# Water curing



## LaserKittensGoPewPew (Jun 14, 2008)

Well... I was just reading through the forums and stuff this morning and happened to come into this one. I noticed there weren't any threads on water curing so I decided to make this thread just to pass on the information for those who might be interested.

For those of you who don't want to hang your buds due to the smell for stealth reasons this might come in handy for you. Also, if you are using chemical nutrients and for whatever reason are unable to properly flush, this will certainly remove those impurities. This method will eliminate much of the smell the flowers give off, but also with certain strains some of the taste aswell.

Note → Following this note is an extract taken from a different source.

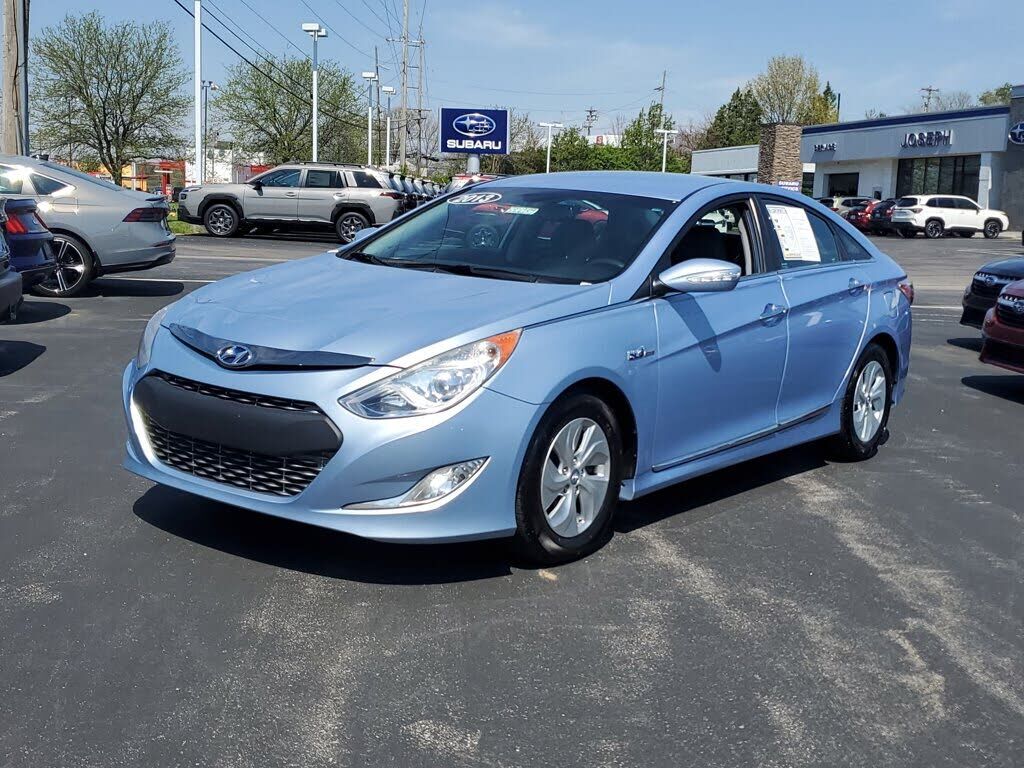 2013 HYUNDAI Sonata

For some of you you might enjoy the smell and not wish to do this as the buds won't reek like usual. I for one enjoy that overpowering smell. But this method also speeds up the cure time considerably because the water pulls most of the impurities out that we usually cure for months to attain the same result. 

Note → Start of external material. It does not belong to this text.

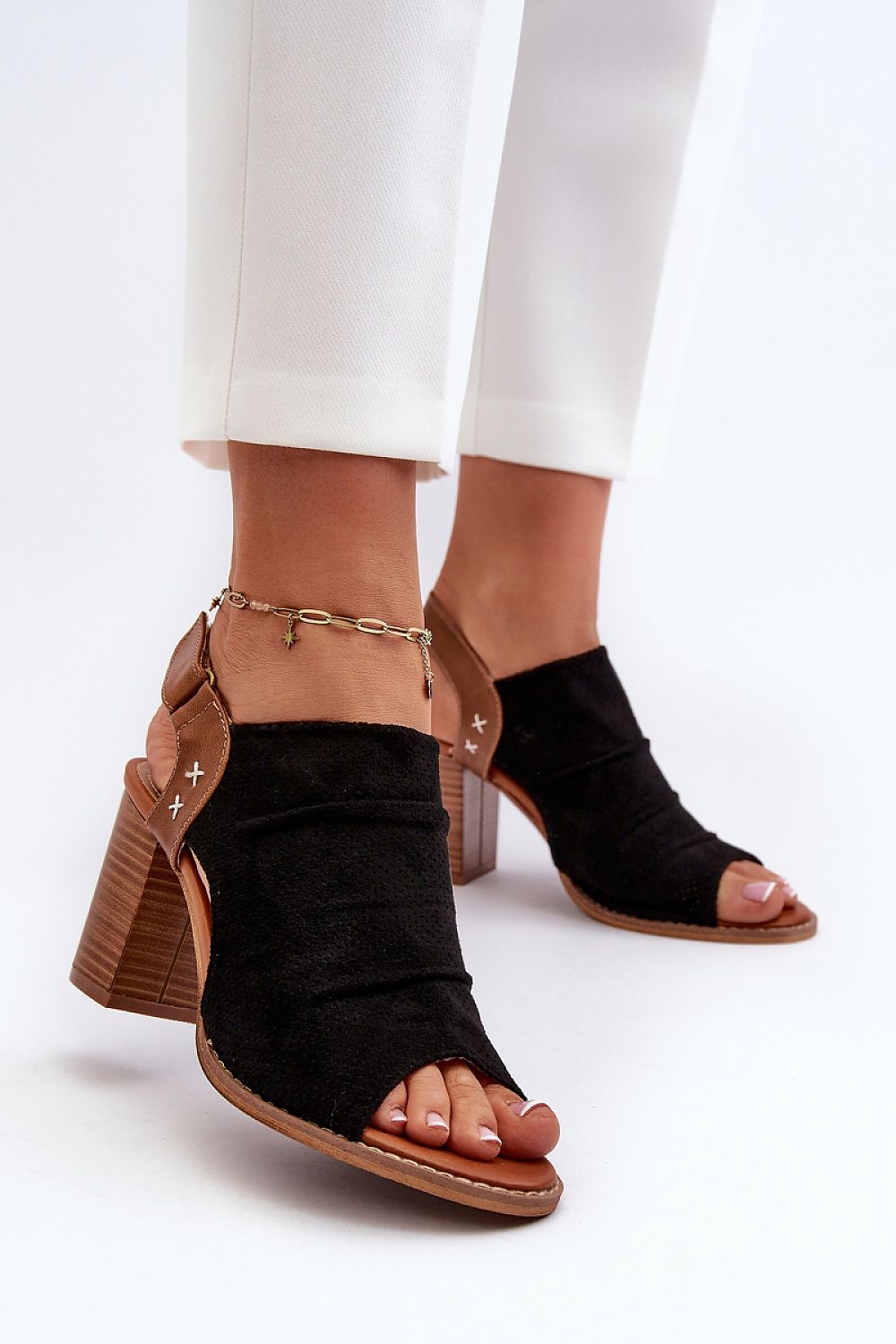  Magassarkú szandál model 198811 Step in style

Basically you harvest your plants and give them a good trim as usual. Take a container that you can submerge the entire flower into. You want them completely under water. You just have to figure out how to hang them by the stems which shouldn't be too difficult. 

Try to use R/O water or distilled water as it is the cleanest. Now I'm sure most of us know water will not damage the thc. You should probably use room temperature water or luke warm. You don't want anything too cold because the cold will seperate the trichrome from the buds which we don't want. But at the same time you don't want the water to be too hot either. So... Room temperature is what is recommended. 

What the water does is leach out the chlorophyll and other impurities in the bud leaving you with a very smooth smoke and pure taste of the trichromes. The reason some bud is very harsh is due to these impurities that are left in it. This is why we cure the buds so that they sweat these impurities out over time and allow the chlorophyll to break down. That's why bud that has cured for a very long time is usually very smooth.

Now, the more water you have the better as it gives you more water to leach impurities into. The water should be changed every 12-18 hours. This will vary a bit depending on your container size. You will see the water turn a yellowish color as it takes all these impurities out of your bud. When you change the water do your best not to disturb the buds in order to avoid knocking any resin heads off. A method that seems to work well is to use a container like a cooler with a spout. That way you can simply let the water drain without having to touch the hanging buds. Then simply refill the container with fresh water.

The buds should only be soaked in the water for 2-3 days. You will have to look at the color of the water and decide when to take the flowers out and hang them up to dry (just like you would right after you harvest/trim). And don't be afraid when you see the color of your buds. They will be a bit more brown. Sometimes the purples will look almost black. This is because much of the chlorophyll has been leached out of the buds. Again this makes for very smooth smoke.

Once they've dried out you can then jar them and enjoy.  

Again this method is not for everyone. I just felt as growers/connoisseurs the knowledge was important. For commercial growers this will probably take away the bag appeal as the buds will appear brown. The potency however will remain the same or better. But hey, maybe some of you will try this out and come to really enjoy this method over the others. Maybe you won't. Either way, now you know of another curing method. Enjoy.


----------



## camcam (Jun 14, 2008)

Interesting...


----------



## trillions of atoms (Jun 15, 2008)

water curing produces a smoothe smoke with a faster cure. we have discussed this before and i love this method!

thanks for the thread....i was waiting to harvest for pics but i need to start putting up threads theen adding pics when i can


----------



## Roken (Jun 20, 2008)

Wow,
           I have never heard of this method before.  I personaly like my buds to stink and be very pungent, i also savor the taste and am not willing to sacrafice a loss on that end either.  Interesting way to cure for shure i will say that, but i dont think its for me.  Peace and Love!!!!!
Roken.


----------